Agribusiness giant Archer Daniels Midland (ADM) on Wednesday said quarterly earnings doubled due to payments from an antitrust suit, but profits from its core soybean and corn processing operations fell, reports Reuters.
ADM, one of the world's largest processors of soybeans, corn, wheat and cocoa, said earnings in its fiscal fourth quarter ended June 30 rose to $112.27 million (€112.3m), or 17 cents per share, from $56.1 million, or 8 cents a share, a year ago.
ADM shares tumbled by as much as 11 per cent early Wednesday as earnings before one-time items fell short of analysts' estimates, but the shares recovered later to trade up 27 cents to $11.45 on the New York Stock Exchange.

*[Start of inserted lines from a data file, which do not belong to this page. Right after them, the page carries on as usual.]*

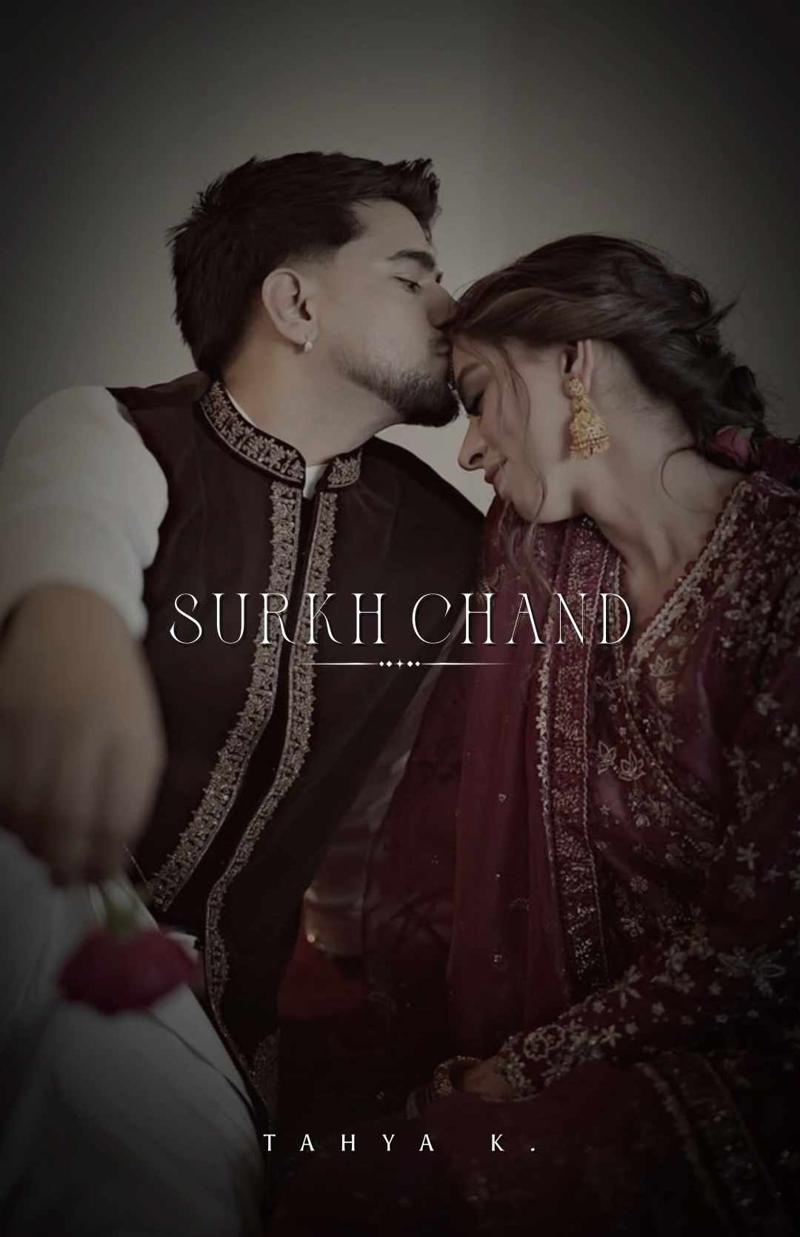 SURKH CHAND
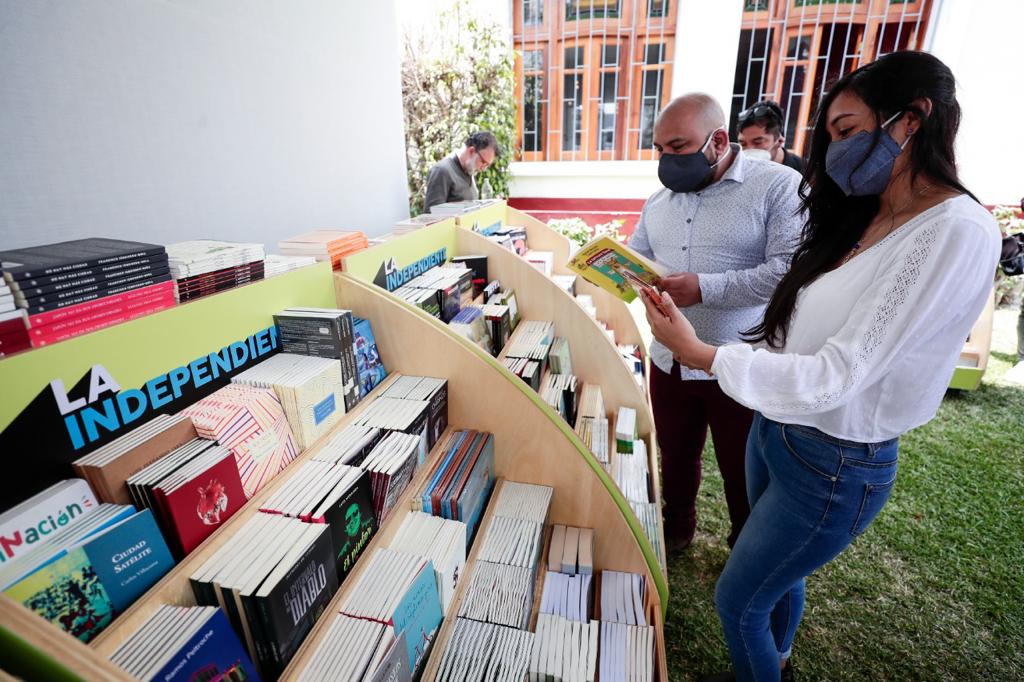 Ejecutivo aprobó proyecto de ley que promueve la lectura y la industria editorial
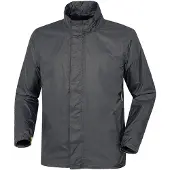 Tucano Urbano Nano Rain Alpha Jacket Grijs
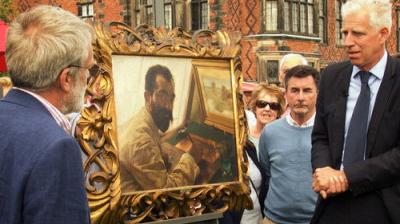 Antiques Roadshow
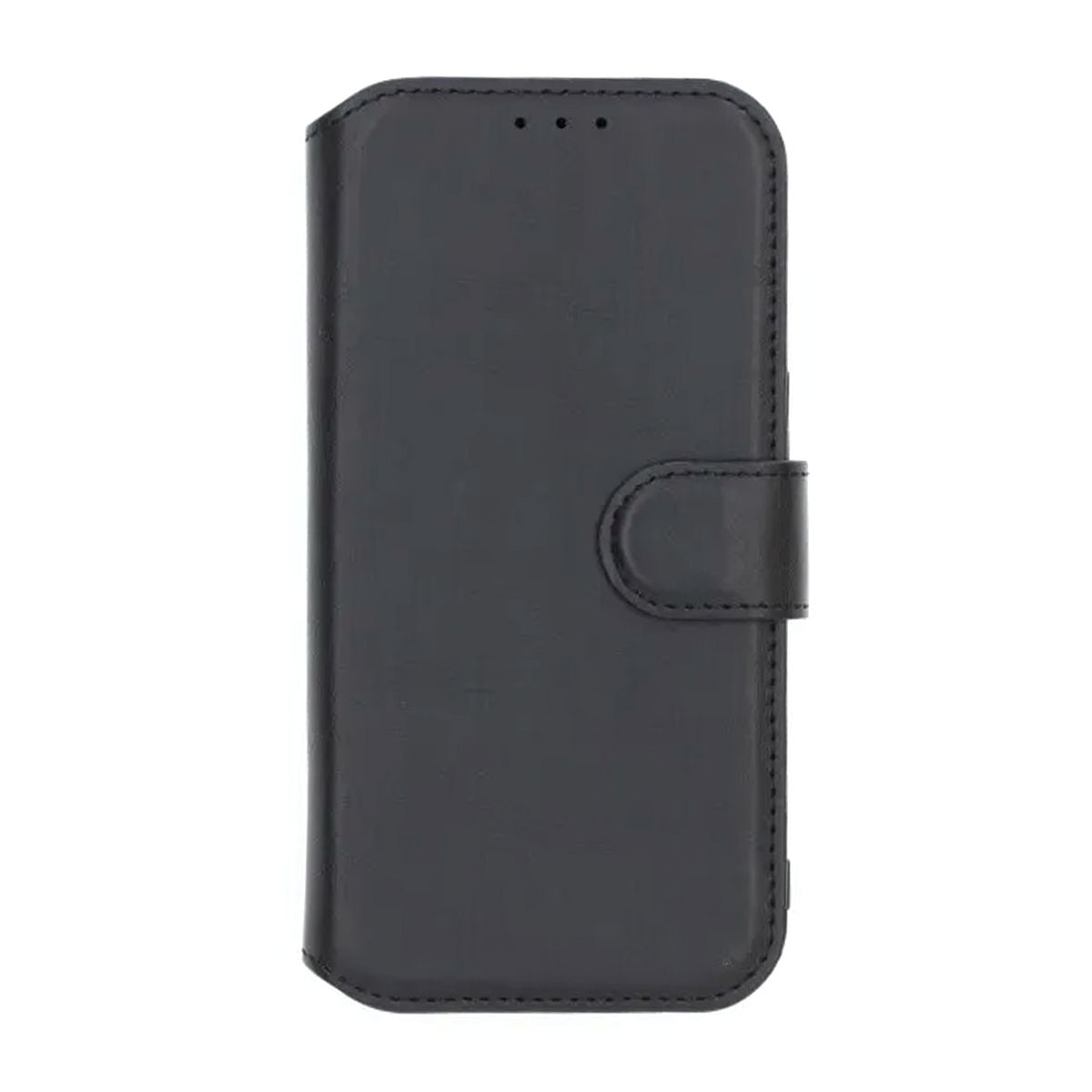 Rvelon Plånboksfodral för iPhone 17 - Svart image 4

ADM is the second of the three big US agribusiness companies to report increased earnings this quarter. The food processor, Bunge, on Monday said its quarterly earnings more than doubled. At the same time the company announced its intention to purchase French oil company Cereol, making it the world's top soybean processor. The third giant, privately held Cargill, will report its earnings next month.
Operating profits from ADM's oilseed and corn processing operations were down 20 per cent to $113.7 million from $141.4 million last year.
ADM's oilseed processing operations benefited from economic unrest in South America earlier this year as buyers looked to the US for exports of soybeans and soybean meal and oil.
But hot, dry weather across the US Midwest Corn Belt this summer has caused concerns about the developing corn and soybean crops and pushed prices for those commodities higher over the past month. As a result, soybean crush margins, the profit from crushing soybeans into meal and oil, have suffered.
"We expect the challenging environment of the fourth quarter to continue as weather concerns dominate many of our markets," ADM Chairman and Chief Executive G. Allen Andreas said.
ADM's corn processing operations also faced concerns from a recently affirmed 20 per cent Mexican tax on soft drinks using corn sweetener and a 148,000-tonne quota for importing US corn syrup into the country.
ADM's fourth quarter per-share earnings included a 9-cent gain from partial settlement of claims in a vitamin antitrust litigation, a 4-cent tax credit and an 8-cent charge from writedown of some assets.
Factoring out those items, the company would have earned 12 cents per share. Analysts forecast earnings of 17 cents to 20 cents per share, according to Thomson First Call.
ADM's quarterly sales rose 32 per cent to $7.07 billion from $5.35 billion, and total operating profit rose 8 percent to $223.3 million from $206.6 million.
The company reported yearly earnings of $511.1 million, or 78 cents per share, for the year ended June 30, up from $383.3 million, or 58 cents a share, in 2001.